La historia del manuscrito de Vida y destino se ha explicado profusamente a raíz de la aparición de la traducción directa del ruso al español y al catalán que firmé en 2007 y 2008, respectivamente. Como muchos textos gestados en la Rusia soviética, arrastra tras de sí una historia penosa y delirante. Pero los manuscritos, por suerte, no ardieron. Me refiero a las obras de Bulgákov, Pasternak, Shalámov, Chukóvskaia, Mandelstam u otros textos de Grossman, como Todo fluye, El libro negro, sus últimos cuentos o la crónica de su viaje a Armenia. En la actualidad, gracias a una nueva generación de traductores todos estos títulos se están vertiendo directamente del ruso, evitando las lenguas puente como fue norma durante muchos años, con dignísimas excepciones. De esta manera el español está buscando y encontrando la manera de acomodar un paisaje íntimo, cultural e histórico a través de la mirada de la gran literatura rusa y cierra el círculo de unos manuscritos que nunca debieron languidecer, ajenos a los lectores, en archivos y sótanos policiales.
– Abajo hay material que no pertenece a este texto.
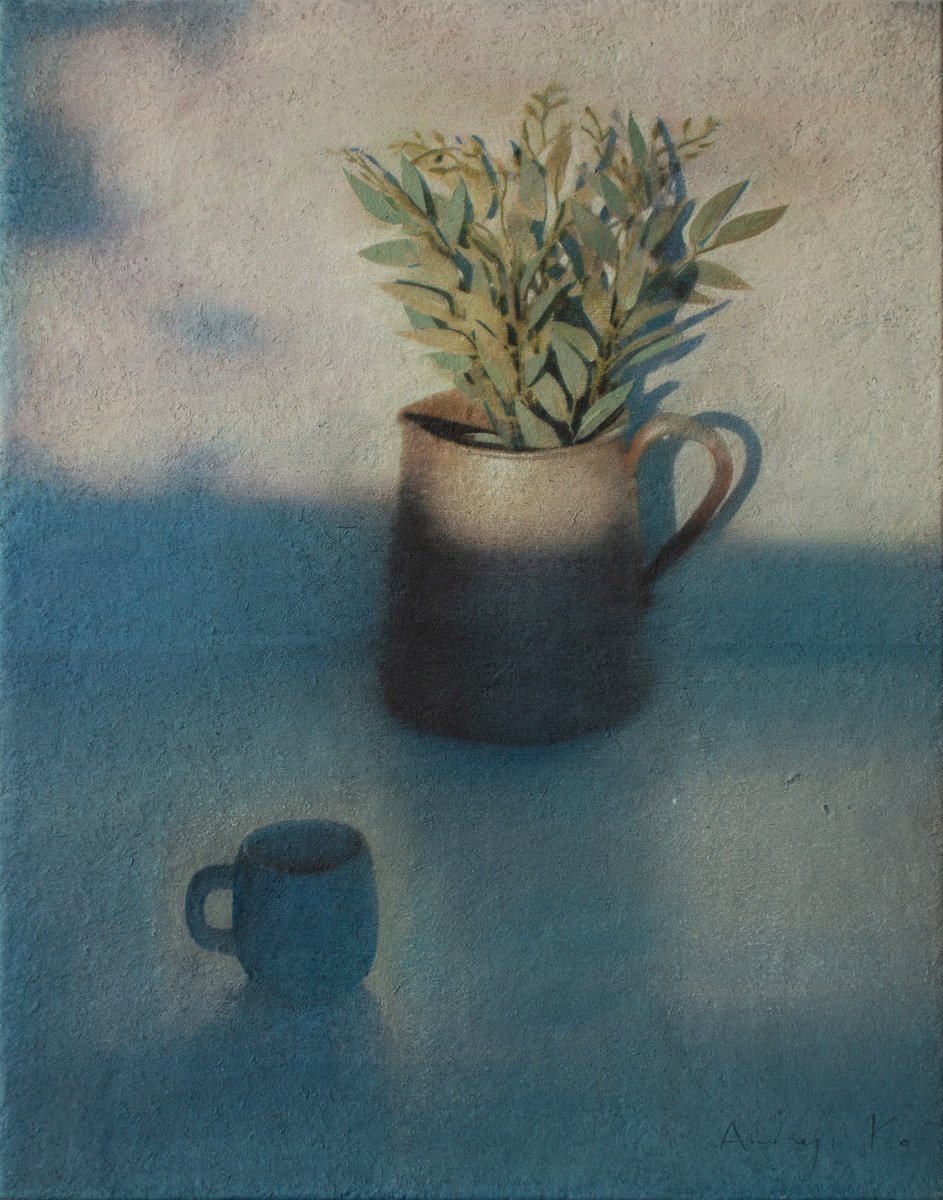 Impressionistic Still Life Acrylic Painting By Andrejs Ko, 22 X 28, The Morning Sun, Original Artwork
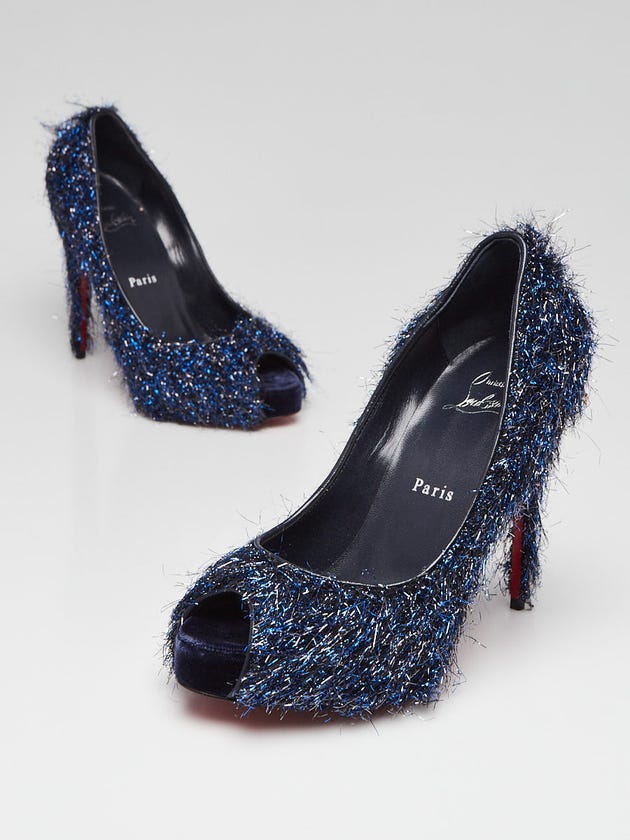 Christian Louboutin Blue Metallic Fringe Fabric Very Prive 120 Peep Toe Pumps Size 6.5/37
En el caso de Grossman aún es muy reciente su restitución como gran literato en todo el espacio rusófono y la puesta en los anaqueles de sus libros, donde siempre debieron estar. No fue hasta hace poco más de un año cuando los responsables de los archivos secretos del Servicio Federal de Seguridad, antiguo KGB, entregaron a los descendientes de Grossman todo el material incautado al escritor a partir de 1961 y hoy puede consultarse en el Archivo Estatal de Literatura y Arte de Rusia.